XPS analysis of representative samples. Notes: (A) XPS peaks of biomimetic apatite and apatite with coprecipitated LN (apatite/LN5, apatite/LN10, apatite/LN20, and apatite/LN40). Magnified graph shows nitrogen (N) peaks in the biomimetic apatite and apatite/LN in the bottom right panel. (B) Quantification of atomic compositions on the surfaces of representative samples. Abbreviations: LN, laminin; XPS, X-ray photoelectron spectroscopy.

Figure 4

(A) In vitro release of apatite/FITC-LN20 in PBS over 28-day time period. Values are represented as mean±SD (n=3). (B) Side depth profiles obtained by stacking each series of confocal images through the thickness of apatite/FITC-LN20 after immersing in PBS solution for 28 days and control sample. Abbreviations: FITC-LN, fluorescein isothiocyanate-conjugated LN; LN, laminin.

Figure 5

NSCs adhesion on surfaces of biomimetic apatite and apatite with coprecipitated LN (apatite/LN5, apatite/LN10, apatite/LN20, and apatite/LN40) samples in growth medium after 12-hour culture. Notes: (A) Attached cells were assayed by CCK8. Values are represented as mean±SD (n=3).

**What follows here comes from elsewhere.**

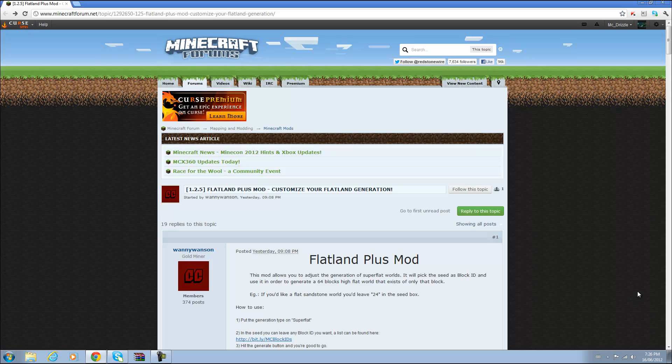Hello everyone, it's InfamousMango here from BigBigNation and today I'll be showing you how to install the Minecraft Mod Flatland Plus Mod, which is created by Wanny Wanson if I pronounce that right.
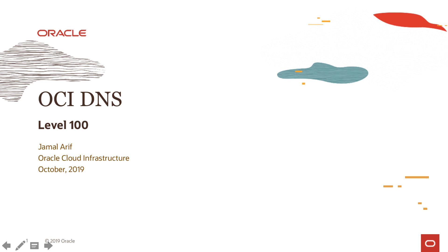That's all from our DNS zone management video. Thank you for joining.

Statistical significance relative to the group of biomimetic apatite: *P<0.05; **P<0.01. (B) SEM images of NSCs attached on biomimetic apatite and apatite/LN20. The red circle pointed the processes from the cell body. Scale bar is 5 µm in length. Abbreviations: CCK8, Cell Counting Kit-8; Ctr+, positive control; Ctr−, negative control; LN, laminin; NSC, neural stem cell; SEM, scanning electron microscopy.

Figure 6

NSCs proliferation on surfaces of biomimetic apatite and apatite/LN20 samples in growth medium for 3, 5, 7 and 10 days. Notes: Cells were assayed by CCK8. Values are represented as mean±SD (n=3). Statistical significance relative to the group of biomimetic apatite: *P<0.05; **P<0.01. Abbreviations: CCK8, Cell Counting Kit-8; Ctr+, positive control; Ctr−, negative control; LN, laminin; NSC, neural stem cell.

Figure 7

NSCs were cultured in indirect contact with biomimetic apatite and apatite/LN20 for 48-hour incubation to evaluate the cytotoxicity. Notes: (A) Cell viability was quantitatively analyzed by CCK8. Values are represented as mean±SD (n=3). Statistical significance relative to the group of negative control: **P<0.01. (B) Cytotoxicity was qualitatively observed by the live/dead viability/cytotoxicity kit (green color: live cells, red color: dead cells). Scale bar is 200 µm in length. Abbreviations: CCK8, Cell Counting Kit-8; Ctr+, positive control; Ctr−, negative control; LN, laminin; NSC, neural stem cell.

Figure 8

Immunofluorescence images of nestin (a NSC marker, green) and DAPI (blue) staining of NSCs proliferation on surfaces of biomimetic apatite and apatite/LN20 samples in growth medium for 7 and 10 days. Scale bar is 200 µm in length. Abbreviations: Ctr+, positive control; Ctr−, negative control; LN, laminin; NSC, neural stem cell.